Armida Barelli (1882 – 1952)
 
Armida Barelli was born in a period of positivism and hostility to the Church and died when the Church and the Italian state had reconciled and a new Catholic culture tried to reconstruct Italy after the Second World War. She was born at the time of oil lamps, coal trains, and horse carriages and died at the beginning of the atomic era. She was born at the time when honest girls did not go out alone and always wore a hat, did not study in boys’ schools and did not take part in public life. She died when even very young women had freedom of going where they wished and the rights and duties of the two sexes were nearly the same. Armida Barelli took part in this period of change starting the Gioventù Femminile di Azione Cattolica (Catholic Action for young women); she collaborated to a great work of renewal of the Italian culture with the Catholic University of Sacro Cuore. With Father  Agostino Gemelli,  she founded  the Secular Institute of the Missionaries of the Kingship of Christ fostering the ideal of full consecration to God in the world.
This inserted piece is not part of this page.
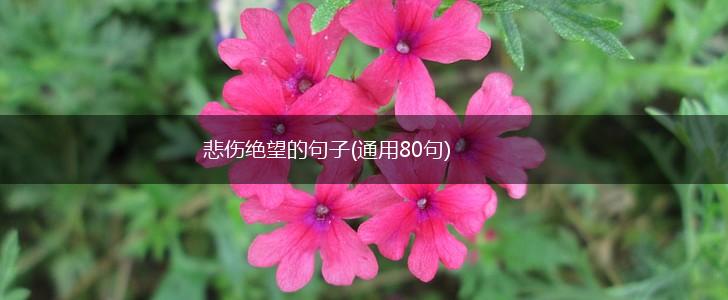 悲伤绝望的句子(通用80句),第1张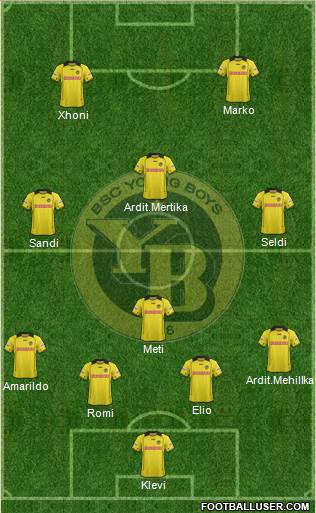 BSC Young Boys Formation 2013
Father Agostino Gemelli (1878 – 1958)
Father Agostino Gemelli obtained a degree in medicine from Pavia University in 1902. He loved the utopia of social Marxism and the study of human sciences. After a troubled spiritual journey, he became a Franciscan friar with the name of Agostino. In 1914, in the difficult time of Modernism, he founded the magazine “Vita e Pensiero” (Life and Thought) with the aim of reconciling culture with the Gospel through clever Faith. He carried out the project, valuable for Italy, of the Catholic University of Sacro Cuore; he started Opera della Regalità, an association to educate people to liturgy. He had the insight of the need of apostolate accomplished by lay people and consecrated lay people in society.  In 1919, he realized this insight with Armida Barelli founding the Secular Institute of the Missionaries of the Kingship of Christ.